The claims will be allowed and the Carrier directed to pay these nine trackmen the difference between the rate of pay for trackmen and that of signal maintainer helpers.
The Award waves aside one party's contention that the work done in helping rebuild the signal lines was laboring work not prohibited to Maintenance of Way employes by their Agreement with the arbitrary decree that it was outside the scope thereof. No evidence existed in the record to warrant such decree nor to justify the disregard of the averment that this work had not been and was not prohibited to Maintenance of Way employes.

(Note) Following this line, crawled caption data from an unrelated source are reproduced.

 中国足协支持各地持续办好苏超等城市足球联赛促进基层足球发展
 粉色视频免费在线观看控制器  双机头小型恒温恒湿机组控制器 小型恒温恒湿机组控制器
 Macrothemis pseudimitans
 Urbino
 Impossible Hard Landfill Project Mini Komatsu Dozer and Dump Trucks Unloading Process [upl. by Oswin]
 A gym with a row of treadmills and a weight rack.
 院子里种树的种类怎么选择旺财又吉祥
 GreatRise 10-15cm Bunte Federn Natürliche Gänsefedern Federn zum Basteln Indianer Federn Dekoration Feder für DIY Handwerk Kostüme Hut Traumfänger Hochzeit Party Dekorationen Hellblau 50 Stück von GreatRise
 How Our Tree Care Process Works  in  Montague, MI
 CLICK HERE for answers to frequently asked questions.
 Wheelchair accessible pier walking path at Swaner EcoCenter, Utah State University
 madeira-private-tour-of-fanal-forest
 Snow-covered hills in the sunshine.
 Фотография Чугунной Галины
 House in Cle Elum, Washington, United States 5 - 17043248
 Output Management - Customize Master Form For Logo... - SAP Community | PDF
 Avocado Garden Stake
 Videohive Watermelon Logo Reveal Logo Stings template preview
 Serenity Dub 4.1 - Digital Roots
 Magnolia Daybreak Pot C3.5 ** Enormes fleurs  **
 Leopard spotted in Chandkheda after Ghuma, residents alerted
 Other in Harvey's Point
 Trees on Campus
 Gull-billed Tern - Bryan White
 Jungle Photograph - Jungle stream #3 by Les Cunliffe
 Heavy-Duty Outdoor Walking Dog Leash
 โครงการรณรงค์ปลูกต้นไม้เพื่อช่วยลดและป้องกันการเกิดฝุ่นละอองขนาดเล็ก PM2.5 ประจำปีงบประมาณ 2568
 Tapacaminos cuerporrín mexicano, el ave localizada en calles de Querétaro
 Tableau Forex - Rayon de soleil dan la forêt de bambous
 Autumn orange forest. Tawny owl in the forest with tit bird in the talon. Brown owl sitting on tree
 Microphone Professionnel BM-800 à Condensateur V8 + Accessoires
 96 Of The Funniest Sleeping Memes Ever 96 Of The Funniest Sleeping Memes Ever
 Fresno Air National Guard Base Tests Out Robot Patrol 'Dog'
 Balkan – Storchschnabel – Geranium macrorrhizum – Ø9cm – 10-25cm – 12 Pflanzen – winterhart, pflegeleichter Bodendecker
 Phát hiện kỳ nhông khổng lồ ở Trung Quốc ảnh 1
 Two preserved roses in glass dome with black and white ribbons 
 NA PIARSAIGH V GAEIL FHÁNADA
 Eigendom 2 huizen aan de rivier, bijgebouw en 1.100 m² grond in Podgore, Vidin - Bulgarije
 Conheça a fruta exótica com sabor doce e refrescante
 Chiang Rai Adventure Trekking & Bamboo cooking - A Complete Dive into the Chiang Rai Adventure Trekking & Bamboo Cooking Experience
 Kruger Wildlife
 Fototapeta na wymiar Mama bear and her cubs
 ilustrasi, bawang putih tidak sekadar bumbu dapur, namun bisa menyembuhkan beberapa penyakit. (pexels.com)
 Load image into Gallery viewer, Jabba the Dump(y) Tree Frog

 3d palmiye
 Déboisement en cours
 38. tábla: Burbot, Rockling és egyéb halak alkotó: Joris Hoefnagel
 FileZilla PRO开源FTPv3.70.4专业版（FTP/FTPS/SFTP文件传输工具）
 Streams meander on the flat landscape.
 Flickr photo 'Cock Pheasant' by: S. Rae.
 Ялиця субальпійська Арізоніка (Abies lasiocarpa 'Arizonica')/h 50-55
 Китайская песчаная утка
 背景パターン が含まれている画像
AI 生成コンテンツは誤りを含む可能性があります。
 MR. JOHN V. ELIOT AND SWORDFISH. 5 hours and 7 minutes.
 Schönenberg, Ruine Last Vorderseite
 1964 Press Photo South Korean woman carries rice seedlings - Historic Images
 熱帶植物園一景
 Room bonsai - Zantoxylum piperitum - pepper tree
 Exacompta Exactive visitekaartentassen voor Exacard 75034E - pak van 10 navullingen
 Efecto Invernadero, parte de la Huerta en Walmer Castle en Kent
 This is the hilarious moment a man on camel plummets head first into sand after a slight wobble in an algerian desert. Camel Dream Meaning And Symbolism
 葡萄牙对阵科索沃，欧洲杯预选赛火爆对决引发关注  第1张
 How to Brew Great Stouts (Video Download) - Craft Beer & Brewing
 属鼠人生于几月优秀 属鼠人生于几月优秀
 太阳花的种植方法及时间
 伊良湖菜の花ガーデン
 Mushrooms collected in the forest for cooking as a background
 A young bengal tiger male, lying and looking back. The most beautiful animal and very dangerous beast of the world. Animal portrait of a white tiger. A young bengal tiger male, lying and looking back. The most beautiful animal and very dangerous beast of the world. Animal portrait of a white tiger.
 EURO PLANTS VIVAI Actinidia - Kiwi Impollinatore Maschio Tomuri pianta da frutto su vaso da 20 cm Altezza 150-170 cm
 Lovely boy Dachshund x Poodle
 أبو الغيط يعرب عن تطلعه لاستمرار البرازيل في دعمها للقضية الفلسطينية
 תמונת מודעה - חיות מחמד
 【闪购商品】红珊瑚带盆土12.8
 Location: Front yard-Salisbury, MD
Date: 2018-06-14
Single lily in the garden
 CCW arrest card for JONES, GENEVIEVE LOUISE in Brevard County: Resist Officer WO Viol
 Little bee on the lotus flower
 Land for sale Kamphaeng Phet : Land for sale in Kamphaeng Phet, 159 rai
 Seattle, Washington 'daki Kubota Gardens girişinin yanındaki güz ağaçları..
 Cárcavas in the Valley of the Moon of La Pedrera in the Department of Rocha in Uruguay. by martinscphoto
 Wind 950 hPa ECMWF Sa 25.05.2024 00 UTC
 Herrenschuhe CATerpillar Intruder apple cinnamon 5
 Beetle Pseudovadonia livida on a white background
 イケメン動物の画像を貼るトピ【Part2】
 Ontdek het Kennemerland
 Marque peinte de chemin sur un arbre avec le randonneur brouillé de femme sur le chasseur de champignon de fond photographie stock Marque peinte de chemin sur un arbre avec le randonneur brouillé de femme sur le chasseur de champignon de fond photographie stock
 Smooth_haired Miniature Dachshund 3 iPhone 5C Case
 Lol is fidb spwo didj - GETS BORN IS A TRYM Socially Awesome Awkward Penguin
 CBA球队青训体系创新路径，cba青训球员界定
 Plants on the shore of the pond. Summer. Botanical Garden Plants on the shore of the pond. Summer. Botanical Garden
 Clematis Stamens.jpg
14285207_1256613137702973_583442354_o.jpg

The Award ignores the record in declaring that in "helping to rebuild the lines of communication * * * they were signal maintainer helpers * * *," for no adequate description either of the work of signal helpers or of the practice on the property which would identify any work as such appeared in the record; neither was there in the record adequate details of the actual work done to permit comparison with any standard for signal helpers' work which any Signalmen's Agreement on this property and any practice under such an Agreement may have set up.
The Award discards without evidentiary basis the Carrier's explanation that on this Railroad it has always been the practice for section laborers to perform laboring work wherever it may be necessary, and declares that "The nine trackmen involved in this claim were called upon and assigned to assist the signal maintainer, etc." That was the claimants' unsupported assertion and it apparently was accepted without inquiry as to facts that might or might not have shown that any work performed evidenced that these claimant employes assumed any of the responsibilities or duties attached to any signalman's position or that in fact any assignment had been made other than that which had always been given to either signal employes or track laborers without violation of the agreements with either of those classes of employes.